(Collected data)
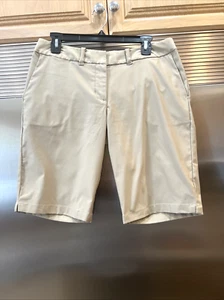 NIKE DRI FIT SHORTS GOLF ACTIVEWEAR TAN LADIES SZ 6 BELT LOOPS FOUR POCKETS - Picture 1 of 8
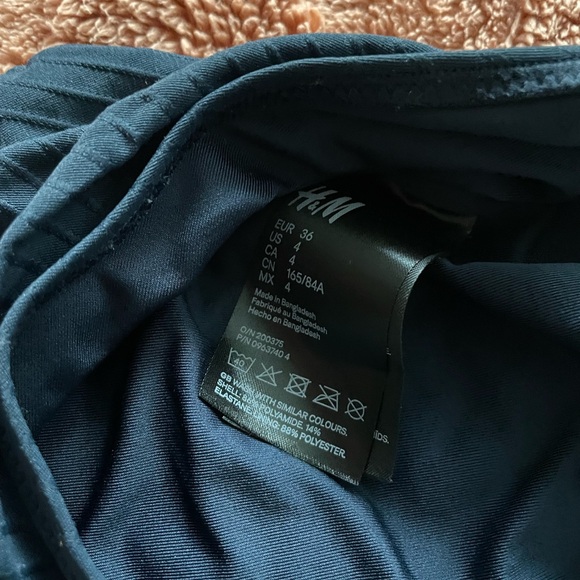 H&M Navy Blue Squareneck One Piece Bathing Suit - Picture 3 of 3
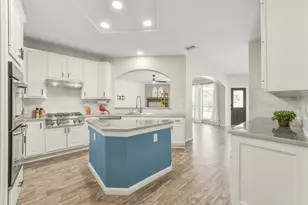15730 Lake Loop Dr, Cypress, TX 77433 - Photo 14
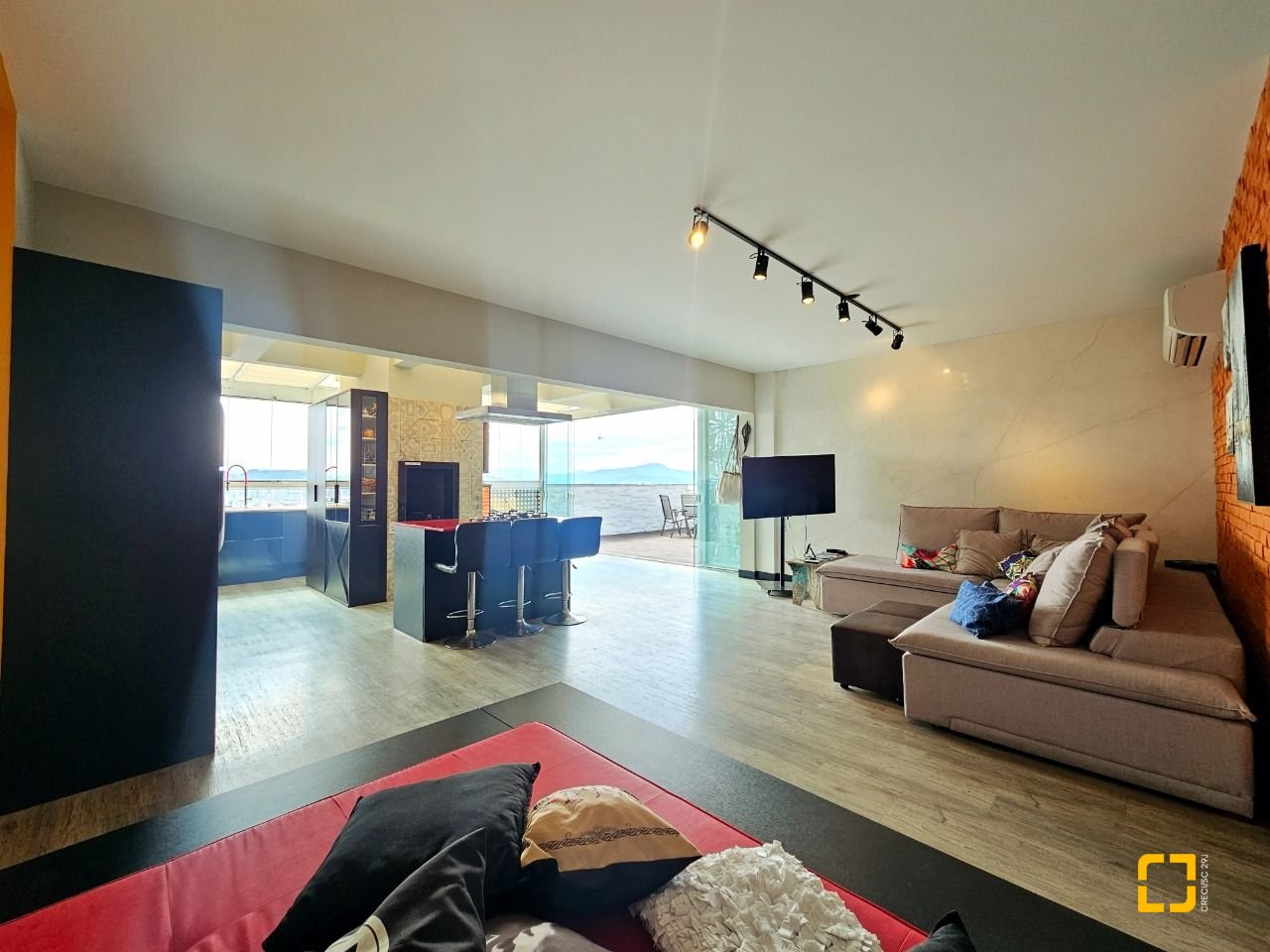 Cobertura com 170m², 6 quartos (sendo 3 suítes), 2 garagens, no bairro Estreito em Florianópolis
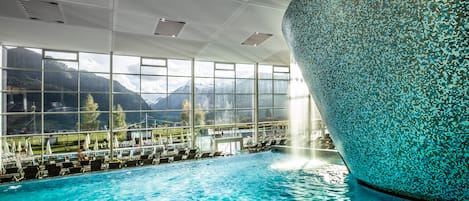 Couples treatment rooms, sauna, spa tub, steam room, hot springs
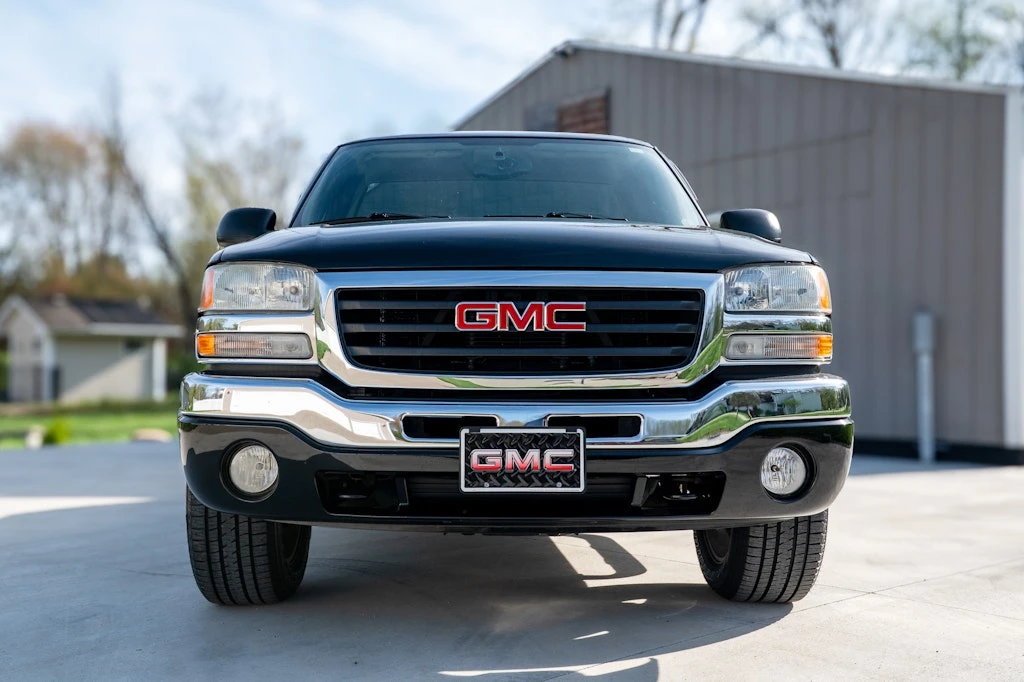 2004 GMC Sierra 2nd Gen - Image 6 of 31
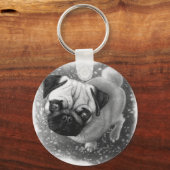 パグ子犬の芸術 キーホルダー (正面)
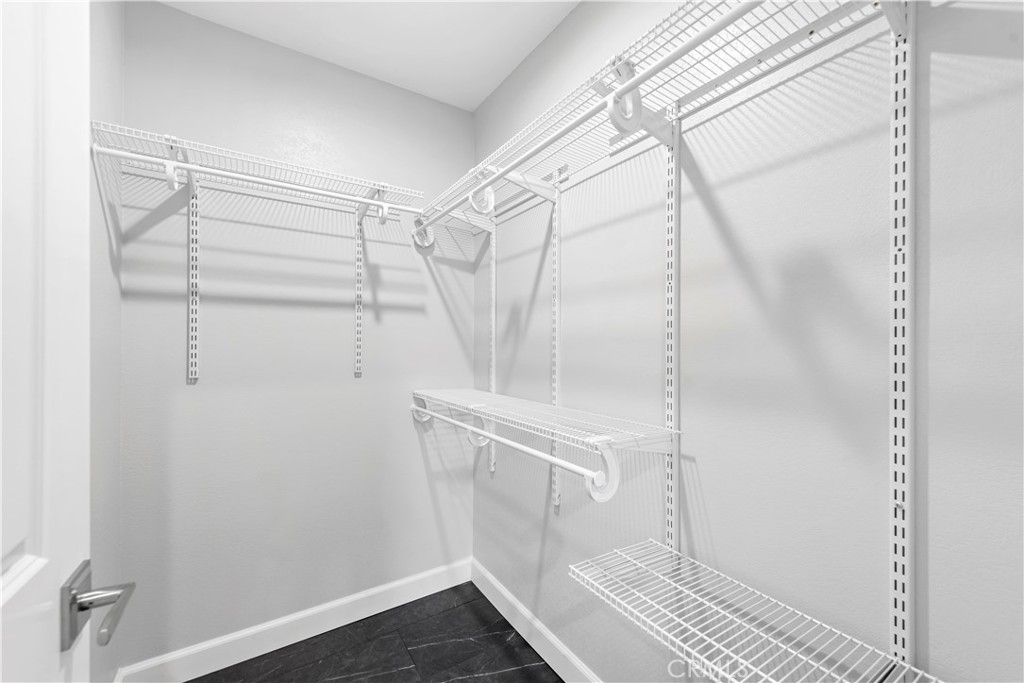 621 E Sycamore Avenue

• [WORK TO COMPLETE] With the images removed, give back every entry exactly as shown.

• [YOUR RESPONSE]
 NIKE DRI FIT SHORTS GOLF ACTIVEWEAR TAN LADIES SZ 6 BELT LOOPS FOUR POCKETS - Picture 1 of 8
 H&M Navy Blue Squareneck One Piece Bathing Suit - Picture 3 of 3
15730 Lake Loop Dr, Cypress, TX 77433 - Photo 14
 Cobertura com 170m², 6 quartos (sendo 3 suítes), 2 garagens, no bairro Estreito em Florianópolis
 Couples treatment rooms, sauna, spa tub, steam room, hot springs
 2004 GMC Sierra 2nd Gen - Image 6 of 31
 パグ子犬の芸術 キーホルダー (正面)
 621 E Sycamore Avenue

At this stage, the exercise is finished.